TO DO: No picture belongs in the answer, which must hold exactly the lines from the one with "Akaryakıttaki vergi yükü azaldı" through the final line below.

RECORDED DATA:
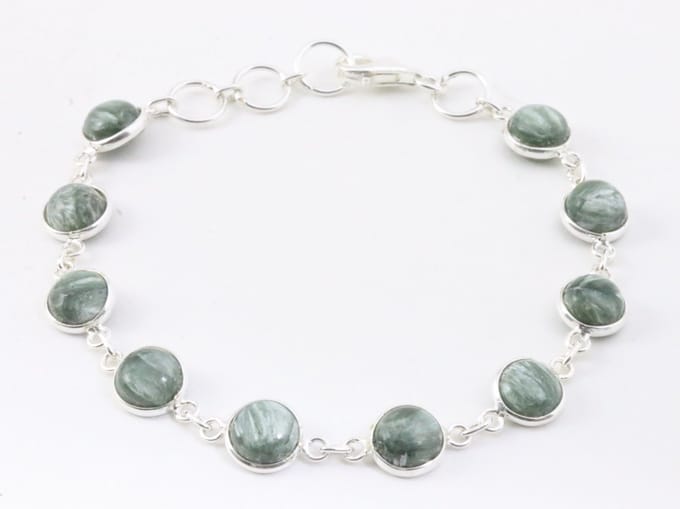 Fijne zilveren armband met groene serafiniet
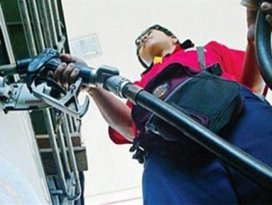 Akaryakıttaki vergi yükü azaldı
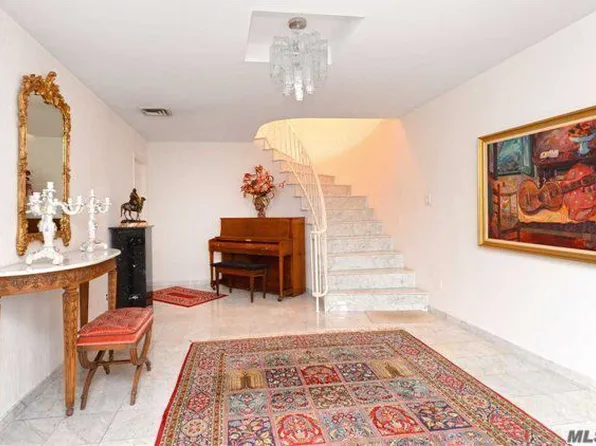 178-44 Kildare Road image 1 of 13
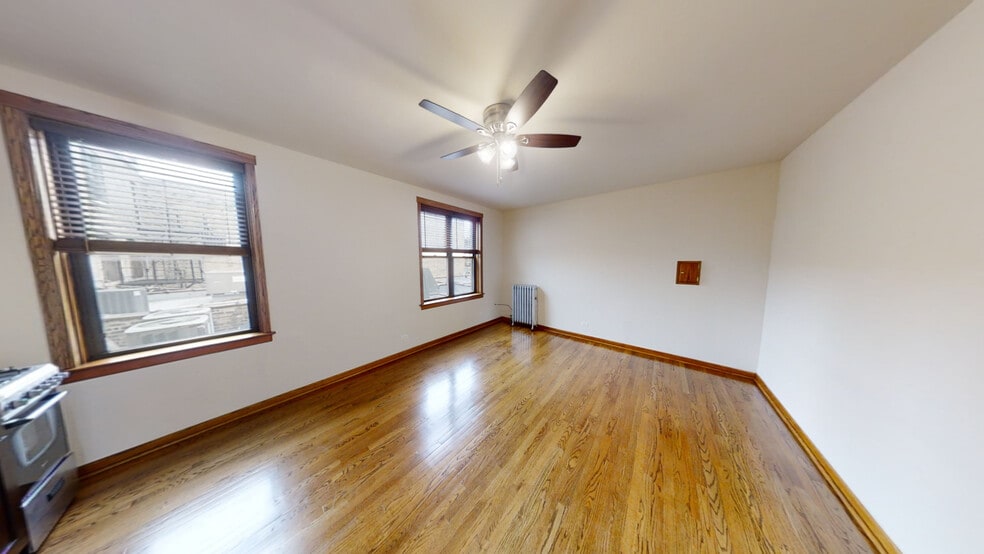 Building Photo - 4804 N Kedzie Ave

SOLUTION FOR THIS EXERCISE:
 Akaryakıttaki vergi yükü azaldı
 178-44 Kildare Road image 1 of 13
 Building Photo - 4804 N Kedzie Ave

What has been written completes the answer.